→ TASK REQUIREMENTS: Exactly the lines from the line with "Gỡ 'nút thắt'" through the final line of the records below, both ends included, are to be set down. Do not include pictures.

----- DATA RECORDS -----

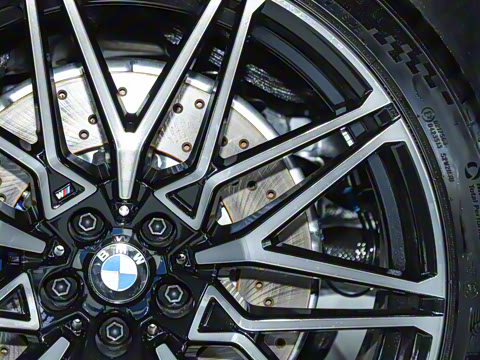 2024�� X5 M ������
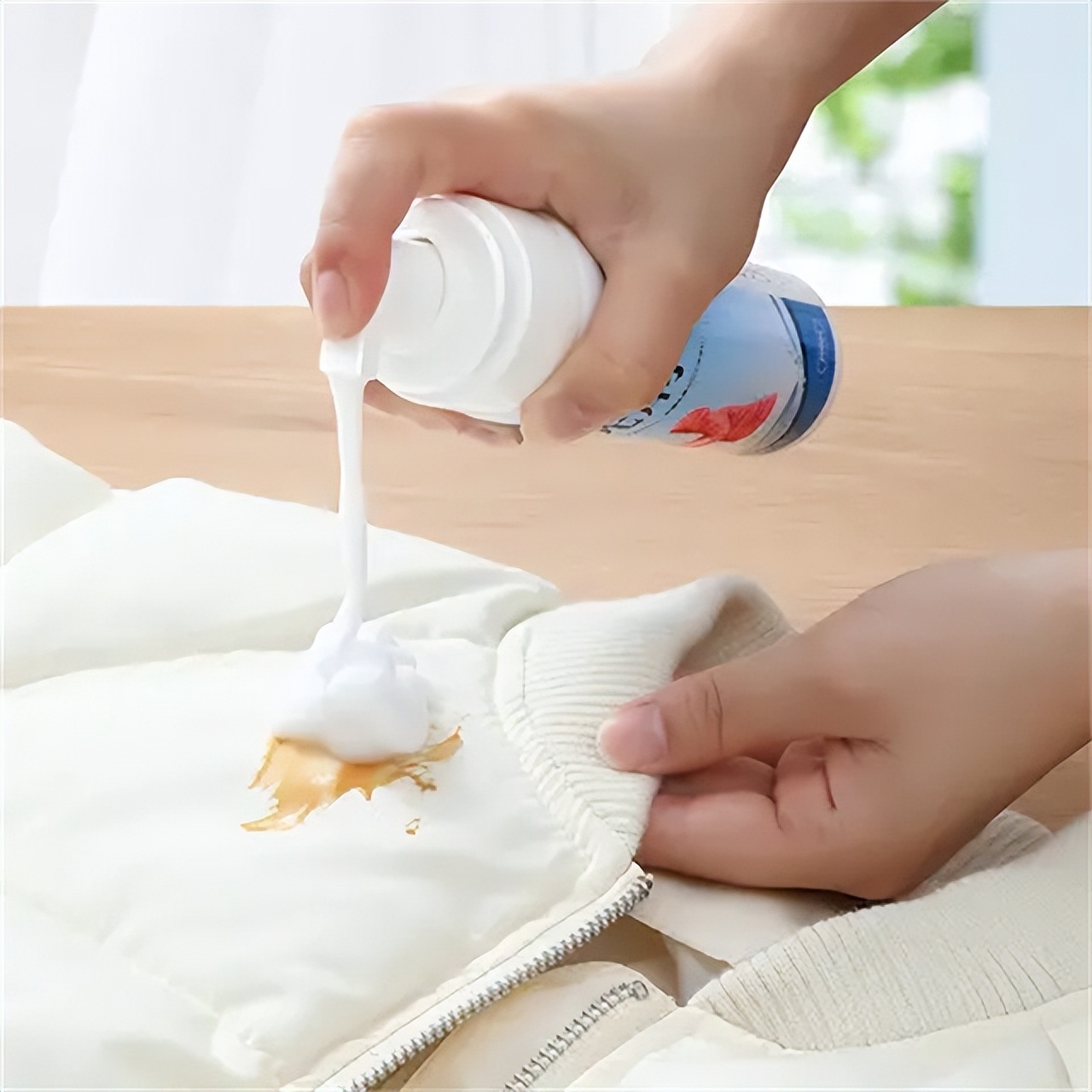 棉衣陈旧油渍清洗小妙招,棉衣的油渍干了久了有印怎么洗掉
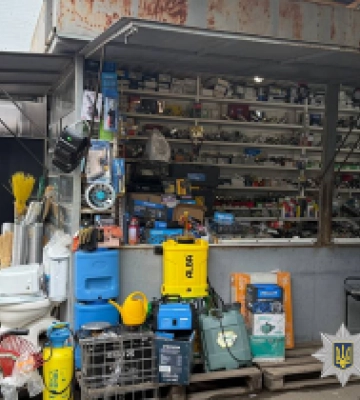 Схопив шуруповерт з полиці кіоску та втік: у Миколаєві поліцейські оперативно затримали підозрюваного у грабежі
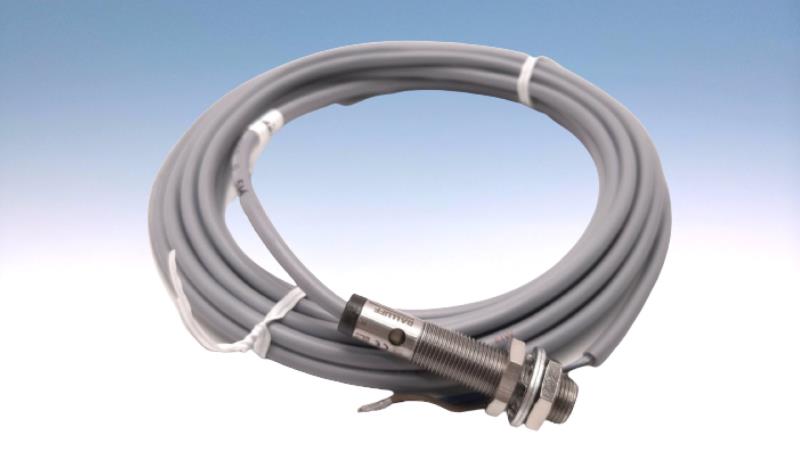 BALLUFF BES-516-329-BO-C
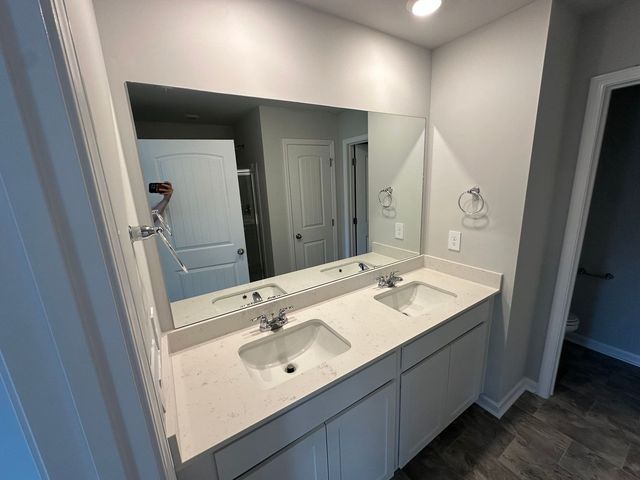 812 Quinn Dr, Lebanon, TN 37087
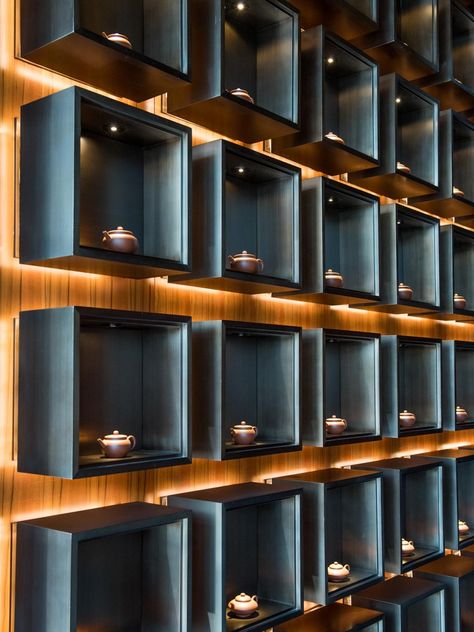 Luxury Floating Shelves, Modern Showroom Design, Luxury Retail Store Interior Design, Shop Shelves Design, China Wall Display, Retail Wall Display Ideas, Display Wall Design, Restaurant Shelving, Interior Shop Display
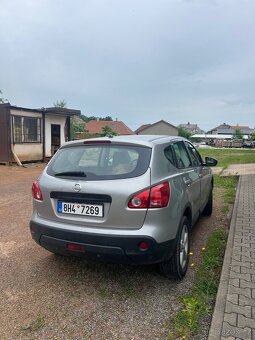 Vyměním Nissan qashqai 1.5 nafta 202 . Tisíc najeto - 4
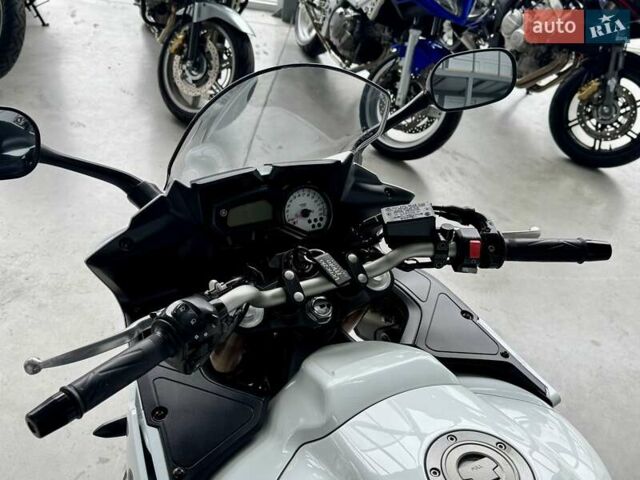 Ямаха FZ8, об'ємом двигуна 0.8 л та пробігом 35 тис. км за 6999 $, фото 14 на Automoto.ua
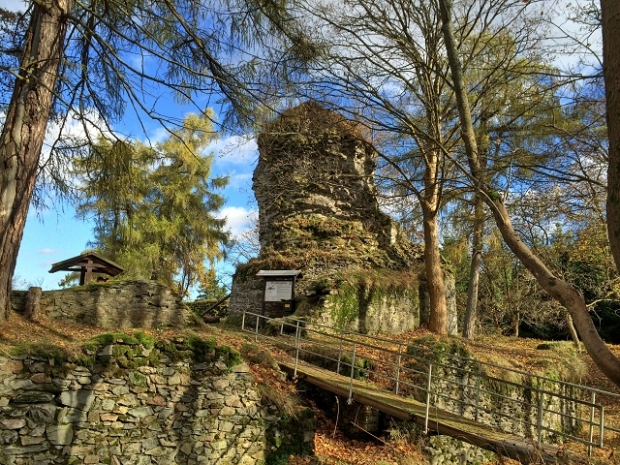 Fußwegbrücke bei der Königsburg / Alter Wehrgraben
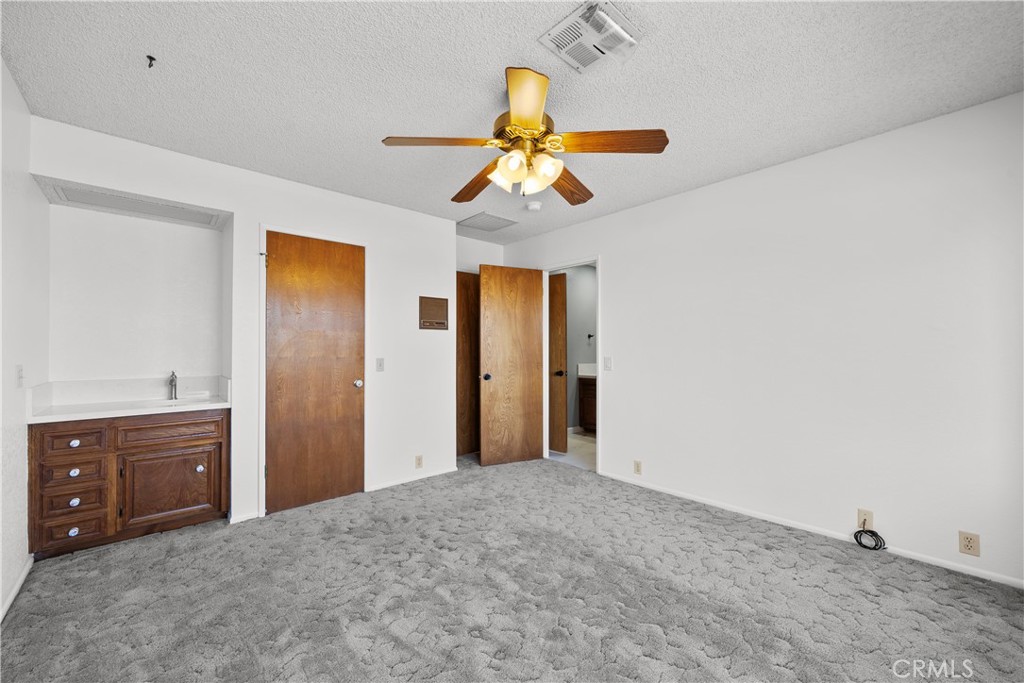 2350 W Avenue M8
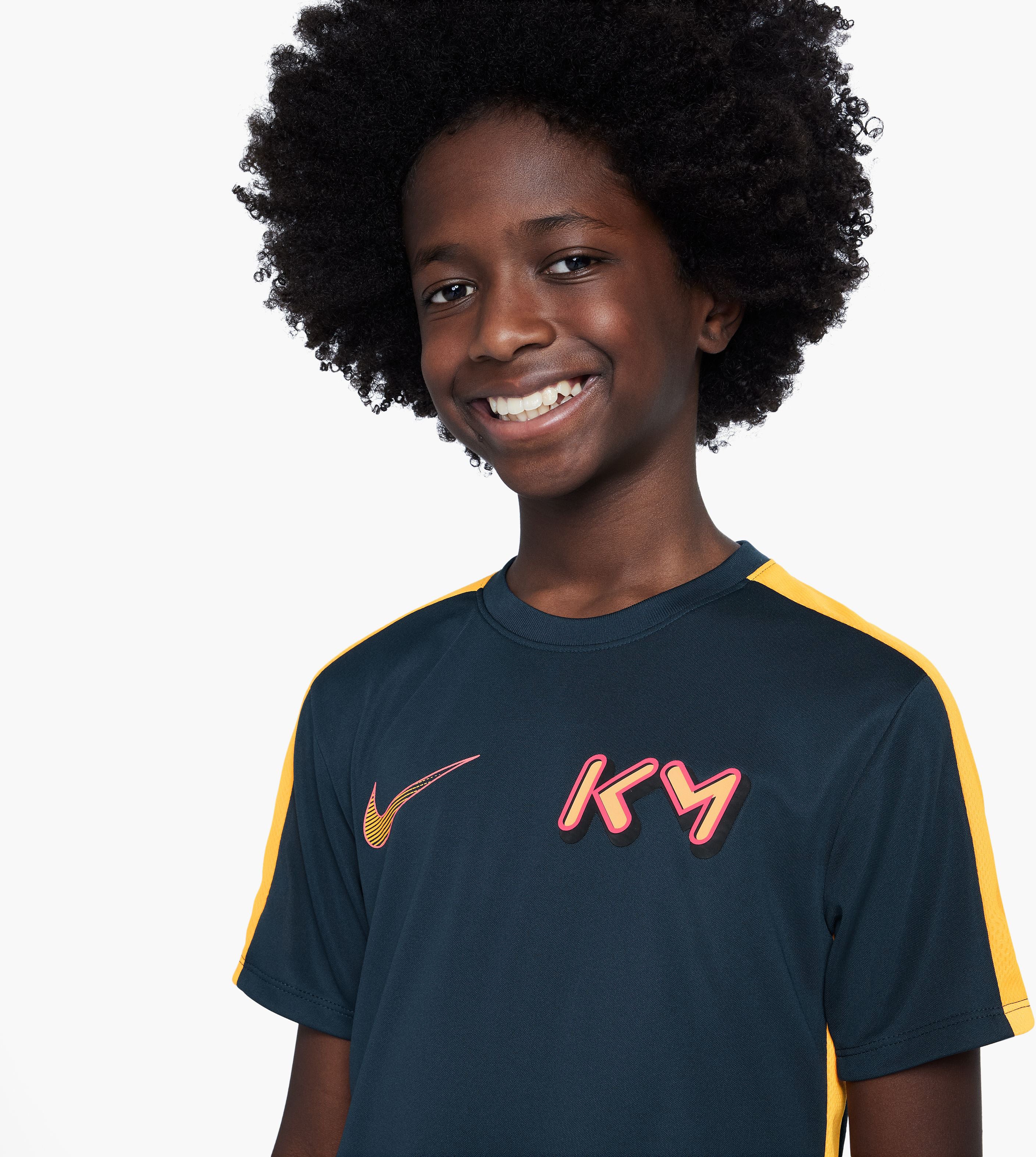 Kylian Mbappé Academy23 shirt
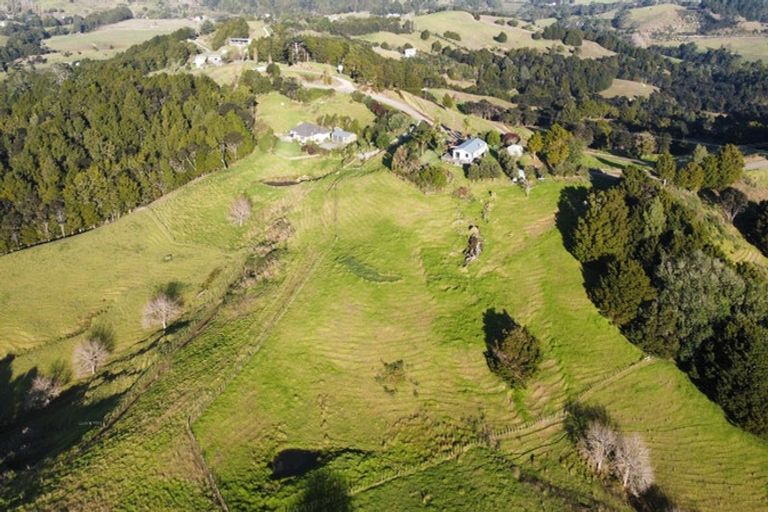 Photo of property in 133 Wearmouth Road, Paparoa, 0571
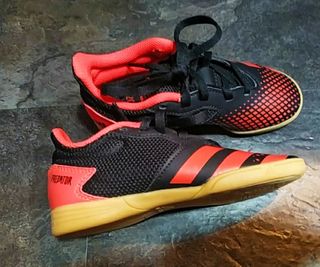 Zapatillas futbol sala t de segunda mano | CASINUEVO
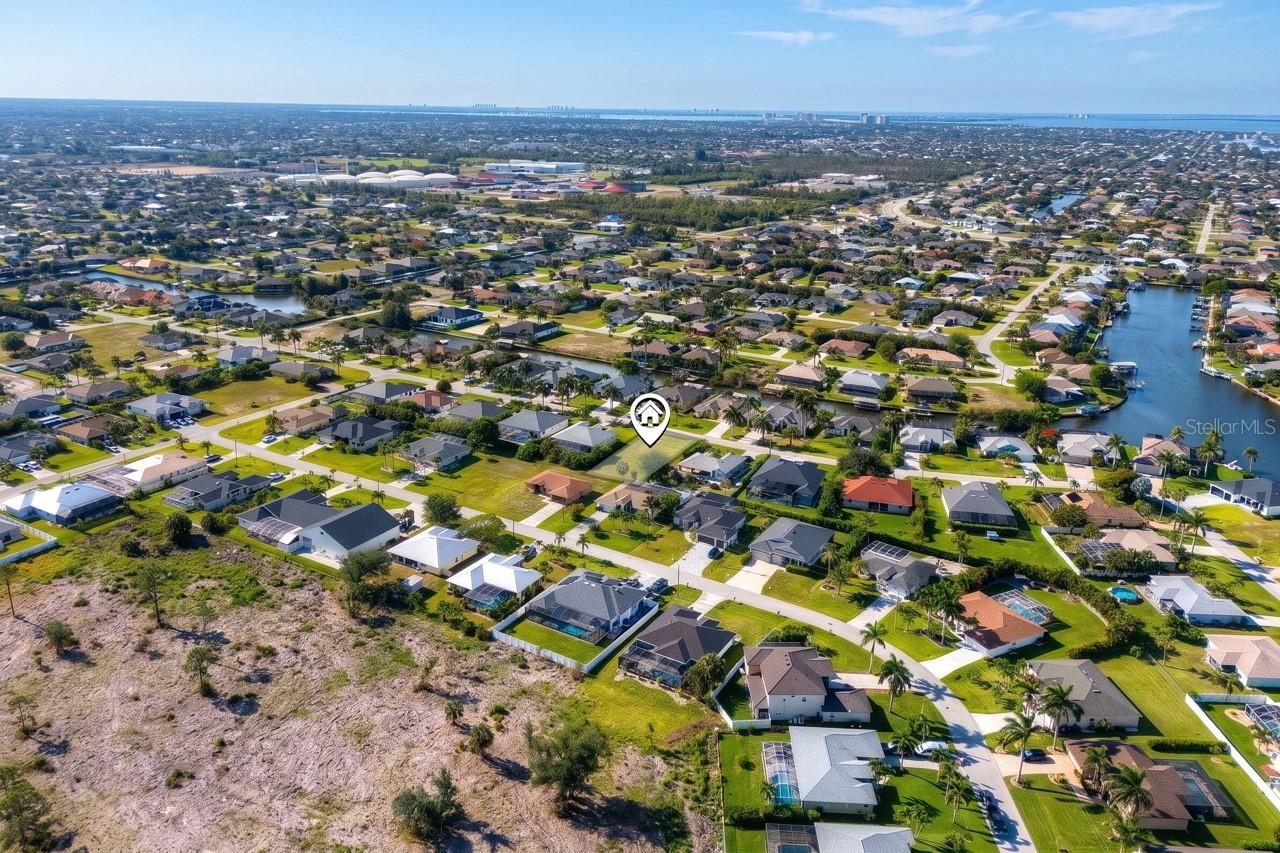 CAPE CORAL - Land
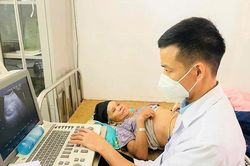 Gỡ 'nút thắt' chuẩn hóa chuyên môn cho tuyến y tế cơ sở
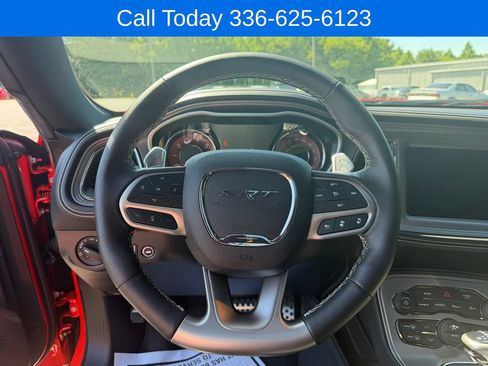 Used 2023 Dodge Challenger SRT Hellcat RWD image 17
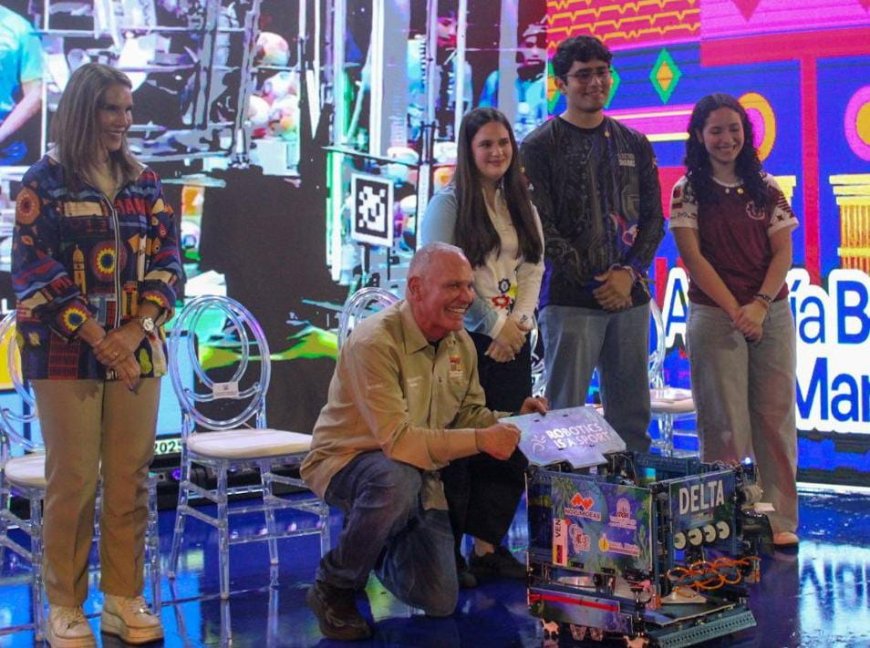 Alcalde Di Martino: “Acompañaremos a talentos en robótica a lograr más triunfos” 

-----

→ TASK SOLUTION:
 Gỡ 'nút thắt' chuẩn hóa chuyên môn cho tuyến y tế cơ sở
 Used 2023 Dodge Challenger SRT Hellcat RWD image 17
 Alcalde Di Martino: “Acompañaremos a talentos en robótica a lograr más triunfos” 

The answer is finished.